N E U   AUF   DEUTSCHEN*  BÜHNEN

*gilt auch für Österreich und die Schweiz

Um dem musikalischen Nachwuchs in den Bereichen Folk, Lied und Weltmusik die Möglichkeit zu geben, sich unseren Leserinnen und Lesern vorzustellen, hat die Redaktion des Folker einen Fragebogen entwickelt. Wer sich in der letzten Zeit neu formiert oder solo auf die Bühne gewagt hat, kann diesen [hier] ausfüllen und als Bewerbung an die Redaktion senden. In jeder Ausgabe wird an dieser Stelle ein ausgewählter Bogen veröffentlicht.


In diesem Heft präsentiert sich...



Die Blowboys

Was bedeutet euer Name?

Unser Name leitet sich ab vom Text des bekannten Shantys „Hamborger Veermaster“, in dessen Refrain es heißt: „Blow, boys, blow for Californio!“.


Die Blowboys * Foto: Kristina SchadeSeit wann gibt es euch?

Wir haben uns im Frühjahr 2015 zusammengefunden.


Wie cha­rak­te­ri­siert ihr eure Musik?

Wir singen bekannte Seefahrtslieder und traditionelle Shantys im vierstimmigen Satz mit Instrumentalbegleitung und würden uns als maritimes Vokalensemble bezeichnen.


Wer zählt zu euren musikalischen Vorbildern?

The Voice Squad aus Irland und die englischen Fishermanʼs Friends singen traditionelle Songs und Shantys in toller Mehrstimmigkeit.

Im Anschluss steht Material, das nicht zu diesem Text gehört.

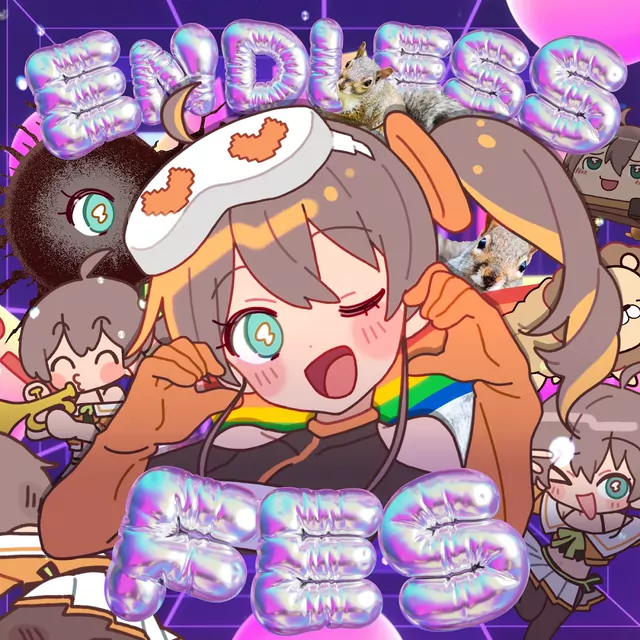 Natsuiro Matsuri - ENDLESS FES [Theme Song hololive IDOL PROJECT].mp3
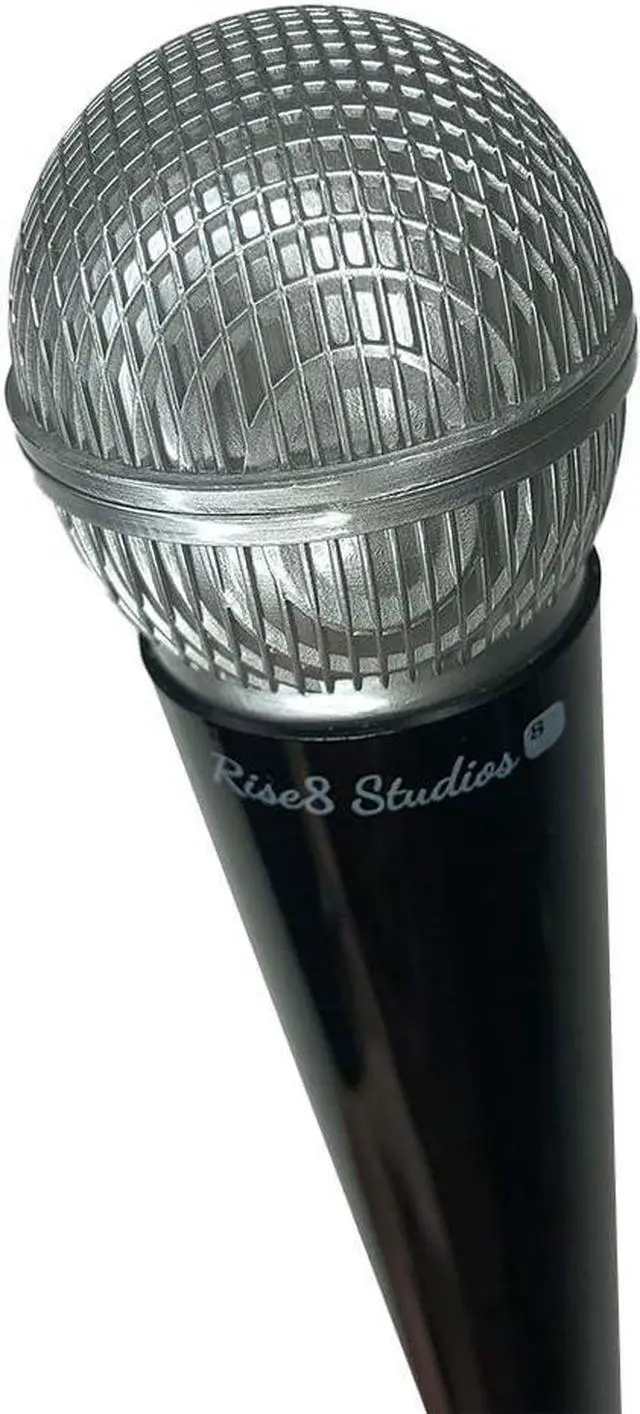 Alt view image 2 of 4 - Novelty Microphone Kitchen Cooking Utensil Gift for Music Lovers and Singers (Spoon)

Aber auch die im Altersdurchschnitt etwas niedriger verorteten Longest Johns aus Bristol sind fantastisch.


Welche musikalische Ausbildung habt ihr?

Viele von uns haben an der Hochschule für Musik und Theater Rostock Lehramt studiert und viele Jahre im Kammerchor der Hochschule gesungen.


Wer schreibt die Musik, wer die Texte – wie entstehen eure Songs?

Bei uns gibt es keinen festen Chorleiter. Jeder bringt sich nach seinen Fähigkeiten ein. Der Kern unseres Repertoires sind Eigenbearbeitungen traditioneller Shantys. Wir singen aber auch Bearbeitungen anderer Arrangeure oder den ein oder anderen Coversong wie „Blow, Boys, Blow“ von Santiano. Wir haben aber auch originäres Material im Repertoire, etwa „Över de stillen Straten“, eine Neukomposition nach dem Text „Gode Nacht“ von Theodor Storm.


Was macht in euren Augen ein gelungenes Stück aus?

Gelungen ist in unseren Augen ein Stück, wenn es im vierstimmigen Satz gut klingt, uns emotional berührt oder uns einfach Spaß macht, es zu singen. Wenn es dann auch noch beim Publikum gut ankommt, umso besser!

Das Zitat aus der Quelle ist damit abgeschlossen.